The Neuroethics of Biomarkers. What the development of bioprediction means for moral responsibility, justice, and the nature of mental disorder

Author(s): Matthew l Baum

Published by: Oxford University Press

Price: £52.00

No. of Pages: 224

ISBN Number: 9780190236267

Book reviewed by: AJ Larner

Published online: 07 Apr 2016

Biomarkers have become an integral part of clinical practice in some spheres of neurology, such as dementia where they are enshrined in diagnostic criteria for Alzheimer’s disease as part of a clinico-biological (as opposed to an older clinico-pathological) definition of disease. The hope is that identification of disease in preclinical phases using predictive biomarkers may facilitate preventative treatment. But objections may be raised, for example to medicalising those who are currently well. The ethics of biomarker use in neurological and psychiatric disorders is explored in this volume by Matthew Baum, a Harvard MD-PhD trainee.

Addressing the bioprediction of brain disorder, the author argues for a reorientation of the medical concept of “disorder”, rejecting the old binary or categorical formulation (disorder/normalcy) in favour of a probabilistic model based on present and future risks of harm. This is justified in part by the belief, undoubtedly true, that “There is no a priori justification for believing that biomarkers will map cleanly onto diagnostic categories arrived at by historical accident” (p. 46). The result is a proposal for a “probability dysfunction” model in which disorders are conceptualised as graphs of probability over time, the area under which would help to separate out self-limiting disorders from those with low probabilities of harm over longer time periods.

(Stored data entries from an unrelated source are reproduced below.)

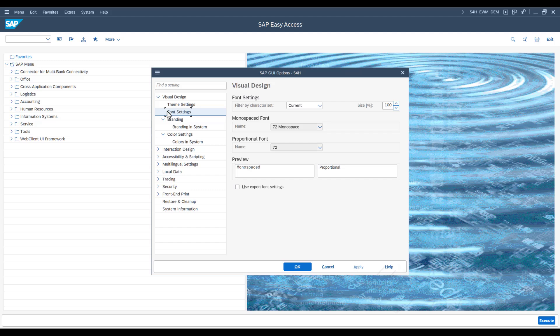In the screen that now appears, the font size of the SAP GUI can be changed under the Size tab. Please note that the font size is set as a percentage. The basic size defined by SAP is 100%. This value can be changed between 80% and 200%. A value above 100% enlarges the font, while a value below 100% reduces it.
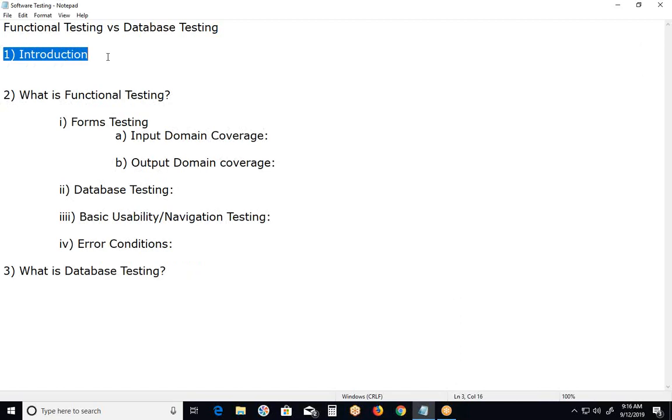Functional testing and database testing are test types. Then what is the relation between functional testing and database testing? Database testing is a subset or part of functional testing.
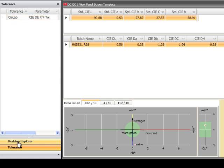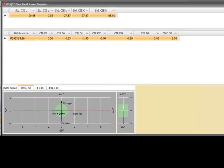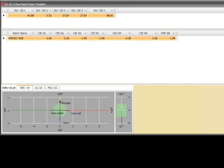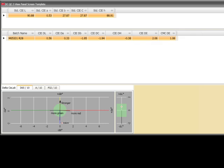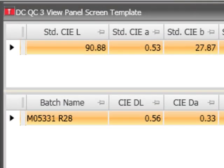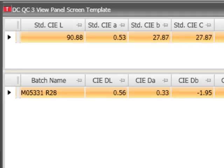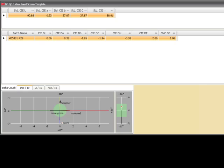The final area takes up the rest of the screen for the program. This area is used to display templates and or legacy forms. Forms were used in previous versions of tools and are allowed to be used in the new version. Templates are preset panes, like window panes, that are a change in the way data is presented and will be the focus of this video. The software comes with three templates already created. In the example, a three-view template is shown.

“Risk banding”, based on the shape of the probability function, is the strategy advocated to determine the necessity or otherwise for response. This is illustrated with respect to bioprediction of future psychotic episodes and dementia (Chapter 5). This “risk of harm” approach is not seen as a fracture with past practice, since “Diagnosis is application of heuristic categories that capture a risk of harm associated with biological variation” (p. 125). The probabilistic claims of biomarkers may be used as a form of Bayesian updating. But will patients accept this reformulation?

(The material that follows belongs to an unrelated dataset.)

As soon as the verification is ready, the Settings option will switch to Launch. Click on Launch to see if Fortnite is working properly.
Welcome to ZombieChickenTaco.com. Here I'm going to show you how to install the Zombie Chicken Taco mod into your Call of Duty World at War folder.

This thought-provoking book will particularly appeal to those of a philosophical bent, rather than those who just want to know about biomarkers. It is not a book for dipping into during the interstices of the outpatient clinic, although the author must be commended for making the material accessible, his text is highly readable (and sometimes funny). Some clinicians will perhaps have little interest in the ramifications of predictive biomarkers for legal practice and societal distributive justice (when is biopredicted risk morally significant?), although even here there are interesting learning points: the discus- sion of prediction of seizures and driving is particularly pertinent. Furthermore, I was amazed to learn that in law the appeal to the “reasonable man” is regarded as an “objective” test, although the author rightly points out that this is almost always subjective in that it relies “almost exclusively on common sense and the persuasion of skilled law professionals to do this Bayesian updating” (p. 138). Whatever deficiencies there may be in medical (neurological) practice, at least we are attempting to put it on a research-based evidential footing.